Speranzoso, passavo per quelle vie, provenendo da Mont Martre, dove allora abitavo: chissà, magari la mia squadra si sarebbe ripresa (per la cronaca, non lo fece), ma fiducioso mi dirigevo verso un caffè gestito da Messicani che avevano concesso a dei fanatici di Roma come me di far vedere la partita.
Messicani, già: ché quel quartiere è una ratatouille di sapori, gente, razze, culture. Parigi, l'Europa. O, meglio, l'Europa come sempre me la sono immaginata e sognata. Aperta, solidale, varia. Viva.

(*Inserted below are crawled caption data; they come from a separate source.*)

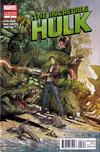 Cover Thumbnail for Incredible Hulk (2011 series) #3 [2nd Printing Variant by Marc Silvestri]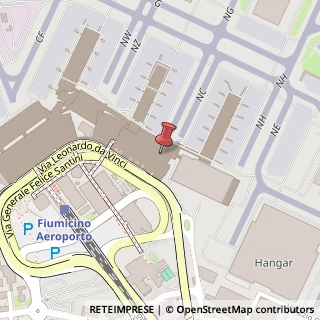 Mappa Via dell'Aeroporto di Fiumicino, 00054 Fiumicino RM, Italia, 00054 Fiumicino, Roma (Lazio)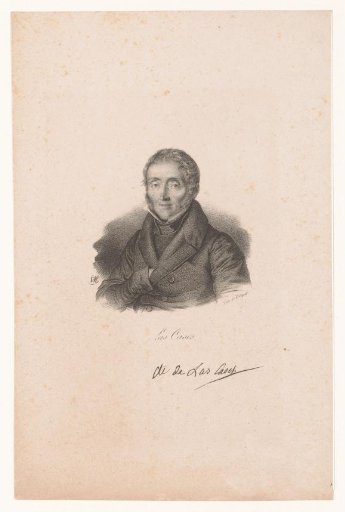 Portrait of Emmanuel de Las Cases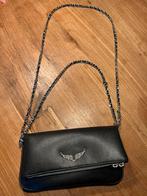 Zadig & voltaire clutch, Ophalen of Verzenden, Nieuw, Zwart, Avondtasje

Ma oggi, forse, qualcuno di quei visi che incrociai allora è stato freddatati da una follia nata anche in quelle banlieues di cui, già ai confini di Mont Martre, si vedevano allora le problematicità.
E, alla vista del dramma del Bataclan, ho sentito una stretta ancor più forte che in altri fatti di terrore: ché i colpi su quanto ti è familiare fendono con maggiore forza il cuore.